The harmless treatment of vanadium industrial wastewater is realized using semi-dry process flue gas desulphurization ash, and water outlet heavy metal contaminants reach state Family standard GB 26452-2011, and ammonia nitrogen and phosphorus significantly reduce (CNH3-N< 200mg/L, CTP< 15mg/L), it can be with life Sewage mixed processing;Wherein reduction reaction pond generate sediment is washed, calcium sulfate can be obtained after filter-press dehydration, is produced from neutralization precipitation pond Primary chromium hydroxide (chromium content is about 54% in terms of Cr2O3 after dry) can be obtained in raw sediment after being dehydrated, and chromium content is higher, Can further resource utilization, turn waste into wealth;It is phosphoric acid that main component, which can be obtained, in the sediment that Ammonia Nitrogen Precipitation from Simulated pond generates after being dehydrated The white precipitate of ammonium magnesium can be used as the raw material of production slow-release fertilizer, economic value with higher.
The present invention realizes the resource utilization of semi-dry desulphurization solid waste, both reduces cost for wastewater treatment, Solve the problems, such as the secondary pollution of semi-dry desulphurization ash and land occupation, being even more for smelting iron and steel enterprise can be by waste water treatment and cigarette Gas improvement combines, and realization is marketed one's own products, the treatment of wastes with processes of wastes against one another, environmental benefit, economic benefit and social benefit with higher;With Prior art is compared, and high treating effect of the present invention, process is short, and processing speed is fast, low in cost, can be applied with existing equipment, Without increasing capital cost.
Detailed description of the invention
Fig. 1 is the method flow schematic diagram that semi-dry process flue gas desulphurization ash of the invention handles vanadium industrial wastewater;
Fig. 2 is the semi-dry process flue gas desulphurization ash XRD diagram used in the embodiment of the present invention;
Fig. 3 is XRD diagram of the calcium sulfate of the acquisition of the embodiment of the present invention 1 after drying;
Fig. 4 is XRD diagram of the ammonium magnesium phosphate of the acquisition of the embodiment of the present invention 1 after drying.
Specific embodiment
50 ~ 100 DEG C of leaving water temperature of vanadium industrial wastewater (waste water) used in the embodiment of the present invention, quantum of output be 500 ~ 900t/d。

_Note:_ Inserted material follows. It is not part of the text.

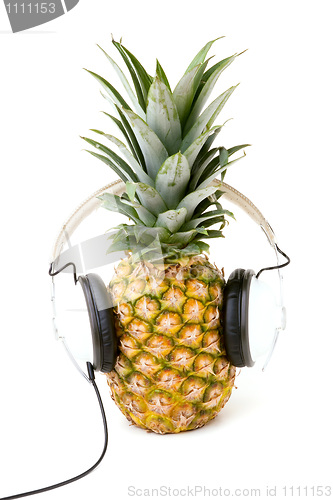 Image of Pineapple Listening to Music With Headphones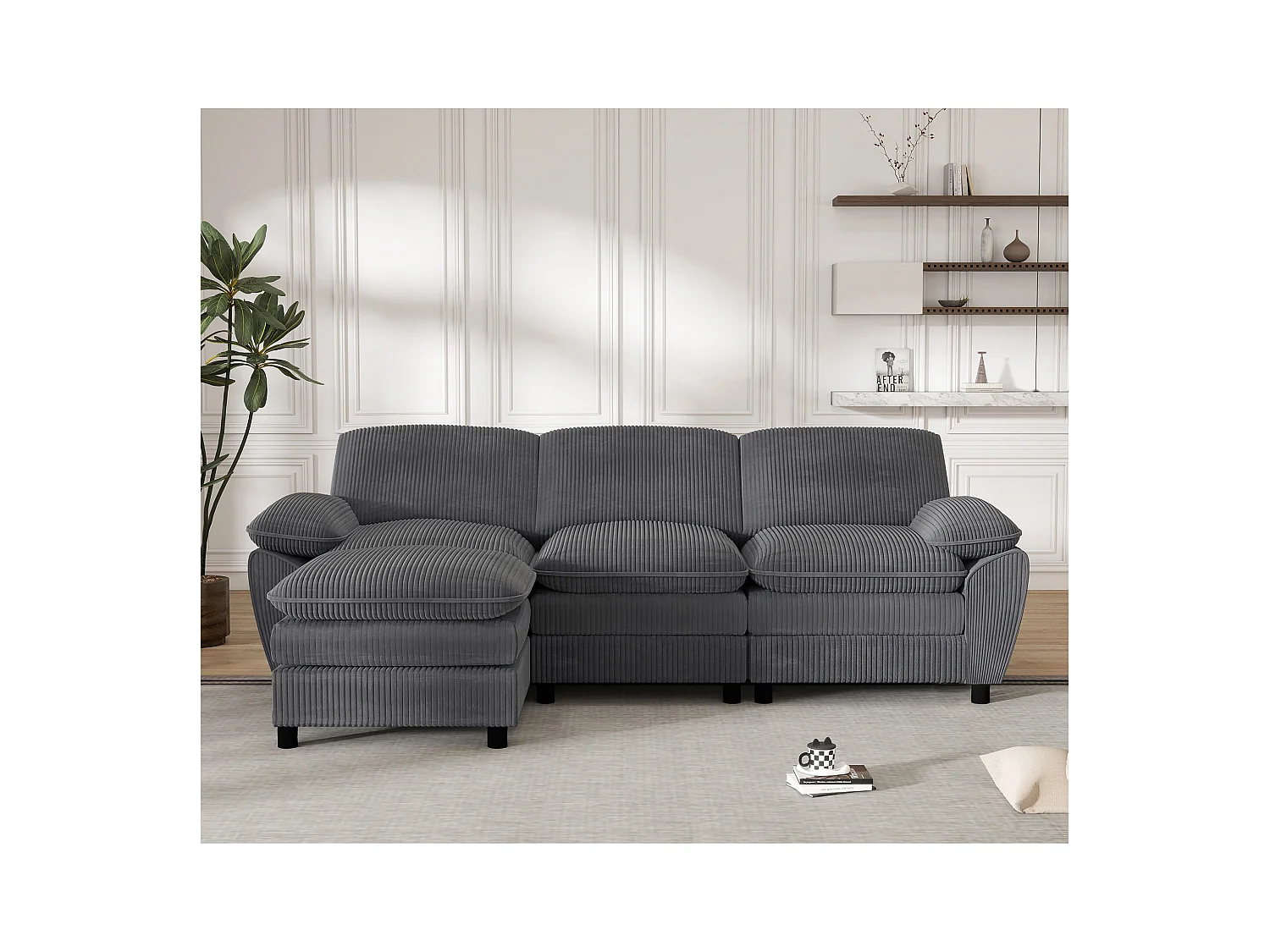 Canapé modulable avec coussins doubles, velours, Pouf amovible, gris (258x86.1x87.8 cm)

The semi-dry process flue gas desulphurization grey (semi-dry desulphurization ash) used in the embodiment of the present invention is de- for half dry type calcium method flue gas Sulphur ash.
Semi-dry desulphurization ash in the embodiment of the present invention contains S 14.2%, CaO 46.09%, MgO by weight percentage 1.46%, TFe 0.24%, Cl 1.50%, Al2O30.22%, SiO2 0.94%。
Sulfuric acid, hydrochloric acid and the nitric acid used in the embodiment of the present invention is commercially available technical grade product.
The polyacrylamide that uses in the embodiment of the present invention, aluminium polychloride, bodied ferric sulfate is commercially available technical grade products.
Magnesium chloride, magnesium sulfate and the magnesia used in the embodiment of the present invention is commercially available technical grade product.
Sodium dihydrogen phosphate, disodium hydrogen phosphate and the tertiary sodium phosphate used in the embodiment of the present invention is commercially available technical grade product.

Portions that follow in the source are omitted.